Quel rapport peut-il y avoir entre un scrutin présidentiel en Guinée en 2010 et les législatives de 2024 ? Entre Alpha Condé, chef d’État pendant onze ans, et Jordan Bardella, premier ministrable de 28 ans ? Entre le renouvellement d’une concession portuaire de Conakry et la privatisation de l’audiovisuel public à Paris ? A priori, aucun.

La façon dont les médias du milliardaire Vincent Bolloré, mis en cause pour la manipulation de plusieurs scrutins présidentiels en Afrique, se sont transformés, de manière assumée ces derniers jours, en agents électoraux du Rassemblement national (RN) pose des questions aussi inédites que vertigineuses aux autorités de contrôle françaises.

Depuis qu’Emmanuel Macron a convoqué de nouvelles élections, la centrifugeuse du conglomérat Bolloré, déjà pleinement à l’œuvre pendant la présidentielle 2022, s’est en effet emballée avec un objectif clair : trois semaines pour conduire l’extrême droite à la tête du pays. Cette opportunité historique a été rappelée par l’éditorialiste maison Geoffroy Lejeune dès le lendemain de l’annonce de la dissolution de l’Assemblée nationale. Le directeur du Journal du dimanche a insisté, sur le plateau de CNews, sur cette « occasion de prendre le pouvoir, ce qui n’est pas arrivé depuis très longtemps ».
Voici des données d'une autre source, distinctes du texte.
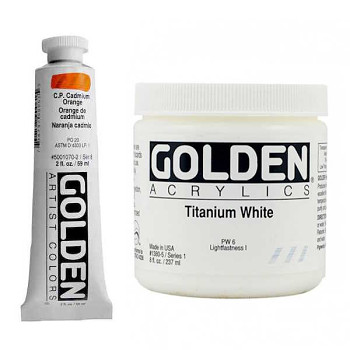 Akrylová barva Golden Heavy Body – všechny odstíny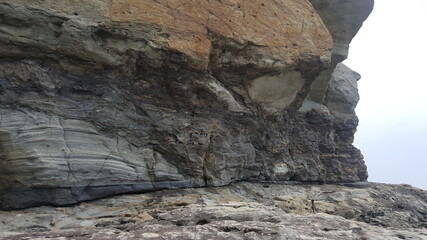 rock in the mountains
Depuis, pas une journée ne se passe sans une révélation sur l’ampleur de l’opération montée par le groupe du milliardaire breton, qui a personnellement convié Éric Ciotti à échanger au lendemain des européennes dans le but d’imaginer de concert son ralliement à Jordan Bardella, d’après Le Monde.

CNews, C8, Europe 1, Le Journal du dimanche, Pascal Praud, Christine Kelly, Cyril Hanouna… La TV, la radio, les kiosques, les réseaux sociaux… Partout, tout le temps, les organes de propagande saturent le système de l’information et entraînent les autres médias dans leur dynamique, en suivant à la lettre les recommandations de l’idéologue suprémaciste Steve Bannon, stratège de la victoire de Donald Trump en 2016.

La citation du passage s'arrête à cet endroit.